The Internet had its seeds planted with ARPANET, the information-exchange platform created for researchers in universities around the world by the U.S. Defense Advanced Research Project Agency in 1969. The Internet’s major growth spurt occurred after Tim Berners-Lee developed the HTTP protocol in the early 1990s, allowing users to access and link information through a simple and intuitive user interface—the Internet browser. Technically speaking the Internet is just the transportation medium over which data packets are transmitted. The World Wide Web is one of the applications using the Internet as a base infrastructure.

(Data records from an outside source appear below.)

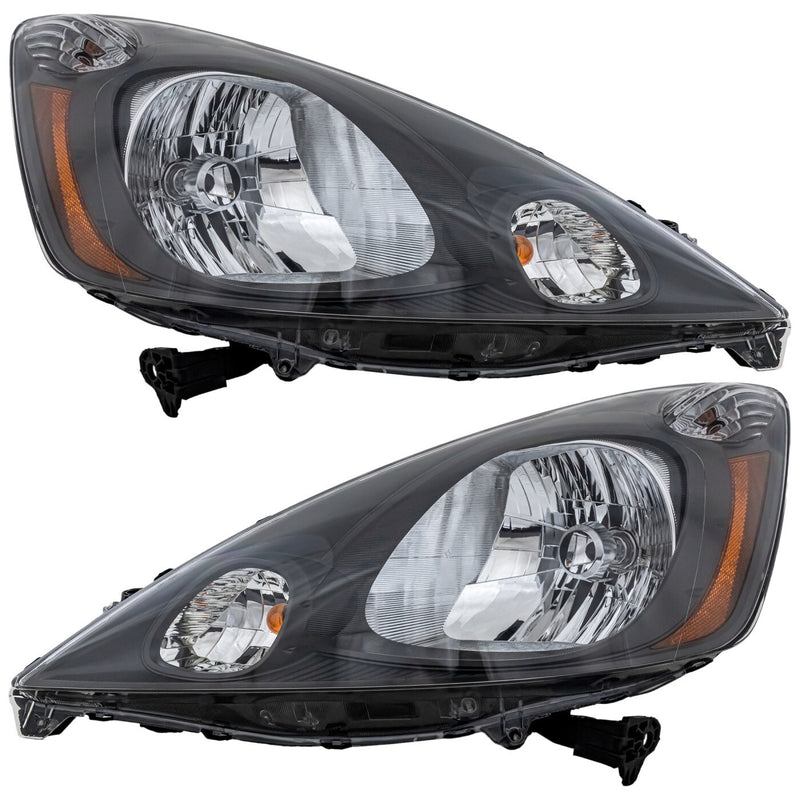 DURAFORCE Left & Right Side Headlights For Honda Fit 2009-2014 Halogen w/ Bulbs Base DX LX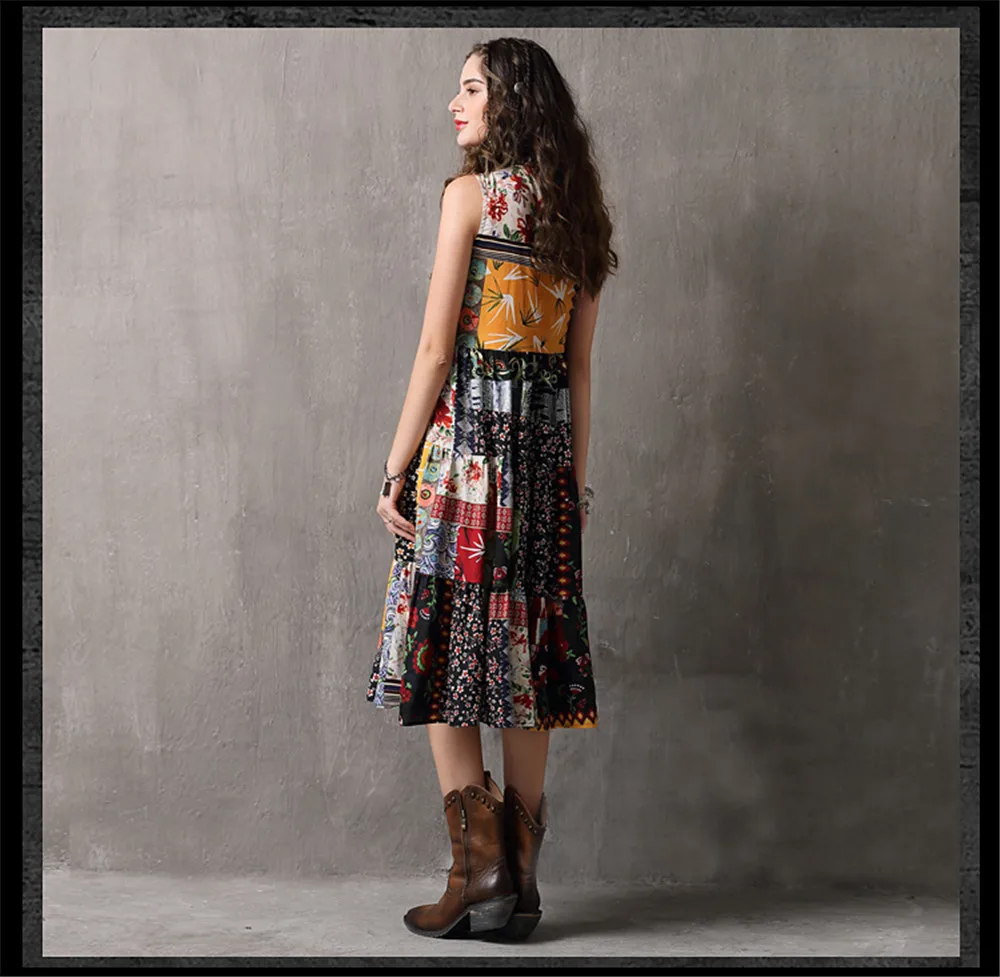 Vintage Printed Summer Dress 2018 New Denim Women Tank Dresses Sleeveless A-line Ruffles Hem Sundresses Vestidos Femininas (18)
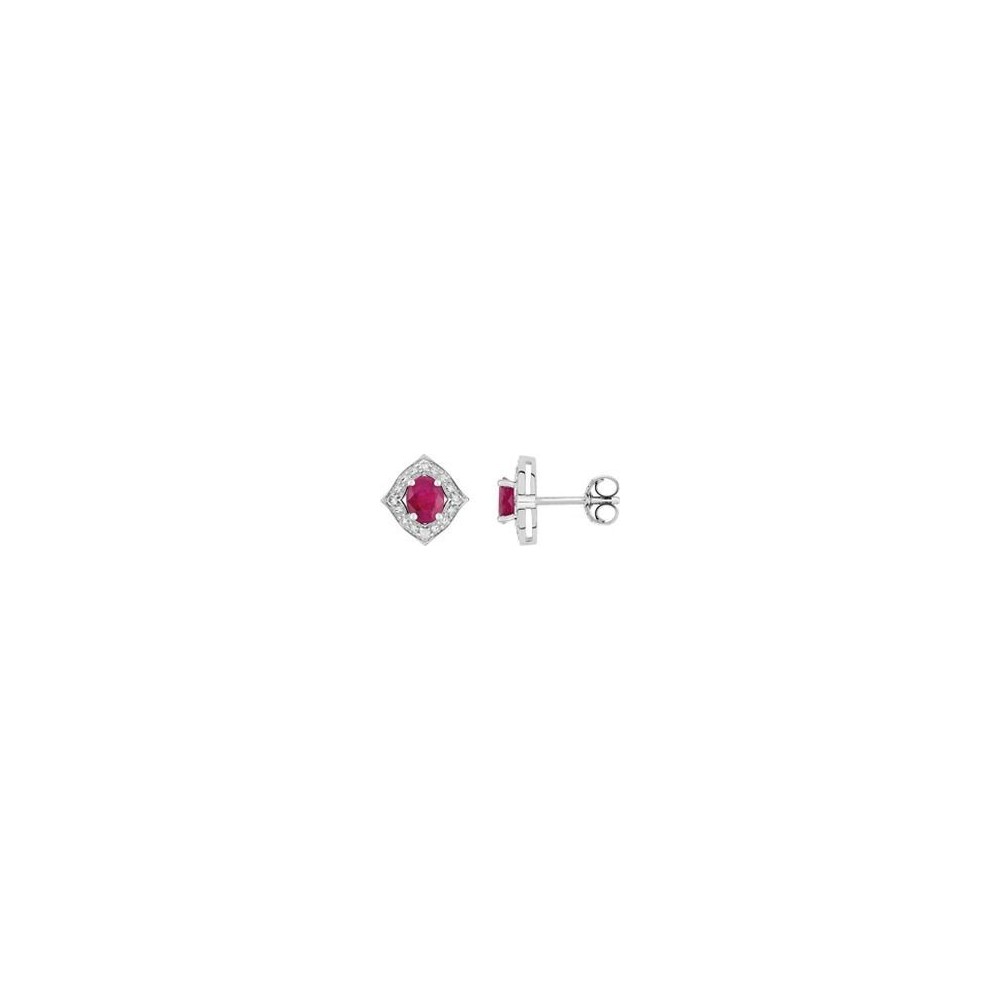 Boucles d'oreilles MERLE or blanc 750/°° diamants rubis 0,88 carat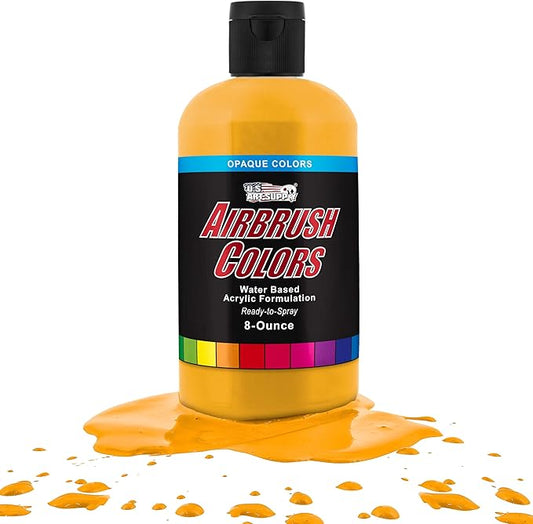 U.S. Art Supply Opaque Canary Yellow Acrylic Special Effects Airbrush Paint - 8oz Ready to Spray Air Brush Paint for Nails, Models, Fabric - Water-Based Air Brush Painting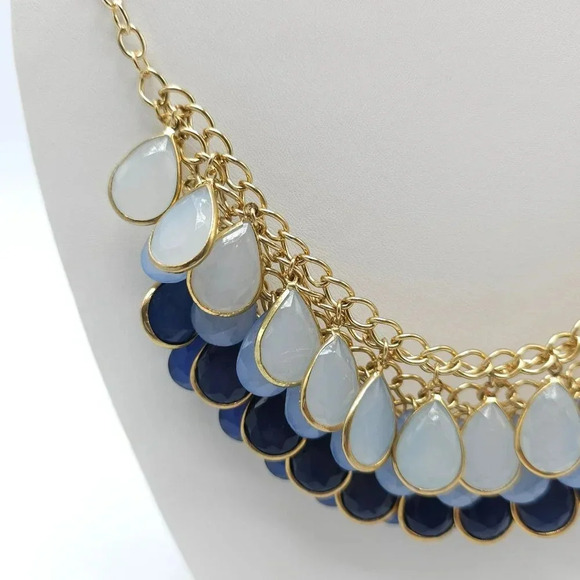 Charming Charlie Three Blue Toned Acrylic Bib Bling Necklace 21" - Picture 2 of 6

Because of the overwhelming success of the World Wide Web, the term “Web” is often used to signify the Internet as such.
At first, universities were the early adopters of the Internet, but before long tech wizards with an entrepreneurial spirit realized that a commercial application could produce millionaires and billionaires. By the early 2000s, there was virtually no medium- or large-sized organization without a presence on the Internet, with the bulk having a Website and communication connectivity with email. As of 2005, tumbling computer and Internet connectivity prices have made it possible for the majority of households in the developed world to access the Internet through high-bandwidth lines.
Though currently information is generally obtained on the Internet for free, the day could arrive in the near future when the “free ride on the information highway” comes to a halt. In fact, more and more Websites are beginning to charge for access to information content.
Developing countries around the world are also buying into the Internet craze, for technology can assist in leveling the economic playing field. However, not all developing nations believe that Internet use should be available to citizens of all ages. During October to December 2004, for example, China closed more than 12,575 existing Internet cafes for allegedly permitting illegal operations. Though the Chinese government said that it promotes active Internet use for business and appropriate educational purposes, the communist authorities maintained that Internet cafes can harm public morality by giving minors access to such undesirable information as violent games and sexually explicit content. For example, the Web site www.chronicle.com, which is a prime site for academics seeking jobs, now charges a subscription rate for access to administrative salary data and other special interest topics.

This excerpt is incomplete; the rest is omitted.